John A De Goes bio photo

John A De Goes

Twitter LinkedIn Github

Why I'm Excited About Scalaz 8

Historically, functional programming in Scala has not been for the faint of heart.

The JVM was built for Java, which is object-oriented, not functional, and Scala allows functional programming but isn’t a functional-first programming language (like Haskell or PureScript).

Some things that are easy in other programming languages, like Monad Transformers Library or profunctor optics, are downright tricky in Scala. Doing full-blown functional programming in Scala really pushes the boundaries of what is possible with the language and the JVM platform.

Thankfully, since at least 2010, the Scala ecosystem has had libraries to make functional programming in Scala easier and more practical. The most mature library with highest adoption is Scalaz.

Scalaz pioneered many of techniques that enable purely functional programming on the JVM, such as trampolined monadic computation. It has a rich history of delivering the most principled approach to problems facing real-world functional programmers.

These, among other reasons, are why my company, SlamData chose Scalaz to power the Quasar analytics compiler, which is easily the largest purely functional Scala open source application in existence.

The current version of Scalaz 7, while the most feature-complete and widely deployed library for functional programming in Scala, is also showing signs of age. We now know better ways to model some things (like type classes and lenses), and several new abstractions have proven themselves enough to become viable for mainstream use.

Fortunately for commercial Scala developers, Scalaz 8 is under active development, and I’m happy to announce that at the request of several existing contributors, I’ve joined the Scalaz 8 development team!

While there’s much more work to do before Scalaz 8 is ready for use, I’m very excited about its potential. In this post, I’ll share a few reasons why you might be, too!

The Missing Standard Library

The vision for Scalaz has always been to provide a batteries-included environment for functional programming in Scala.

This means Scalaz provides standard building blocks that can be used to construct and describe functional solutions. It’s a standard library for FP, if you will.

Functional programming, in the statically-typed, category-theoretic variant popularized by Haskell, relies on a tool bag of abstractions, such as monads and monoids, as well as essential data types like lists, the effect-encapsulating IO structure, and so on.

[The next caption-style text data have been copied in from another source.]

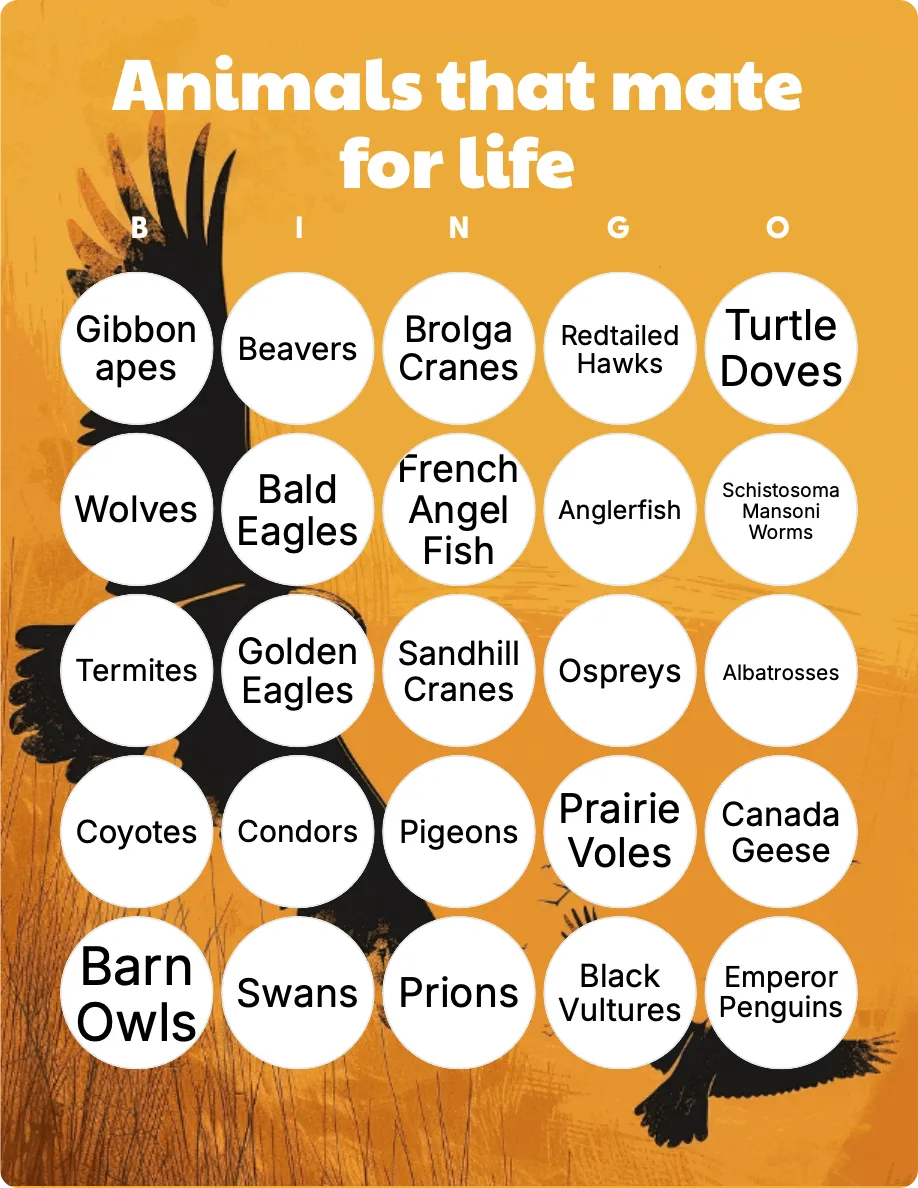 Animals that mate for life bingo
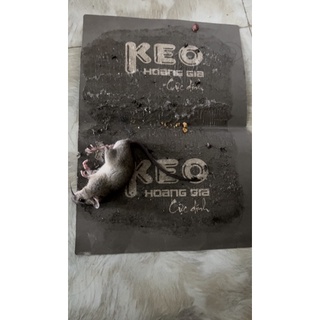 Bẫy keo dính chuột Quang Thiều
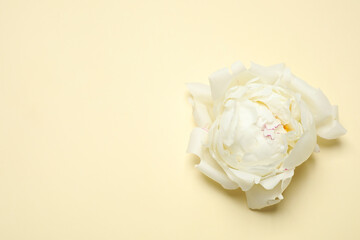 Beautiful white peony on beige background, top view. Space for text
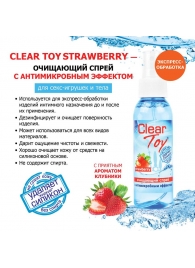 Очищающий спрей для игрушек CLEAR TOY Strawberry - 100 мл. - Биоритм - купить с доставкой в Красноярске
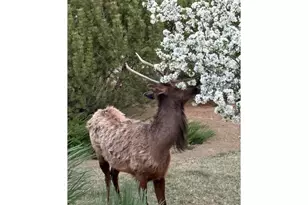 3363 Crest Dr, Loveland, CO 80537 - Photo 47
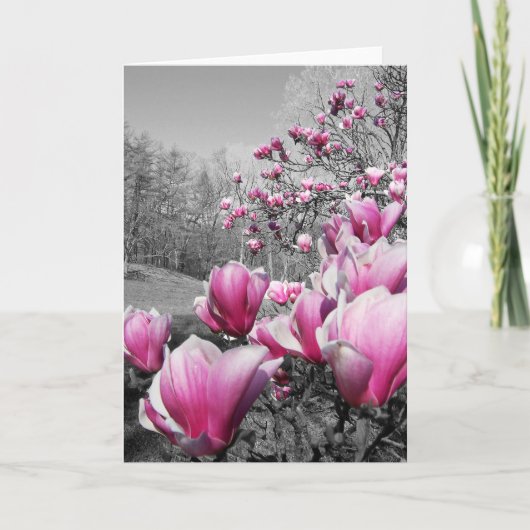 Lente bloesems kaart (Voorkant)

There’s broad consensus on what’s in this tool bag, and it includes all of the following (both definitions and implementations for standard types):

  • Data structures, like lists, optional data, and maps.
  • Algebraic structures, like rings and monoids.
  • CT structures, like monads and natural transformations.
  • Optics, like prisms and lenses.
  • Recursion schemes, like catamorphisms and anamorphisms.
  • A low-level effect system with concurrency primitives.

These abstractions and data types don’t solve all problems, but they allow you to construct and describe solutions in the rigorous, precise, and powerful way that functional programming is known for.

Scalaz 8 is heading in the direction of providing all these abstractions and data types in one meticulously engineered and fully-integrated library.

You don’t need to go one place for your effect system, another for your optics, and a third for your functors and monoids. All these standard abstractions and data structures will be baked-in, beautifully integrated, thoroughly tested, and ready to power functional programming awesome-ness in your applications.

Scalaz 8 is the missing standard library for functional programming in Scala.

But Modularity!

The opposite strategy to Scalaz 8 is the modularity strategy, whereby what would be a standard library is split up into dozens of libraries that each solve one part of the overall problem. In the extreme case, for example, there could be a scalaz-functor library that defines what a functor is, as well as scalaz-functor-syntax for providing syntax, and so forth.

The primary purpose of modularity is to enable different parts of a whole to evolve independently. For example, if you split up a large business application into different components that have few dependencies between them, then different teams who specialize on the different components can be more independent in how they work.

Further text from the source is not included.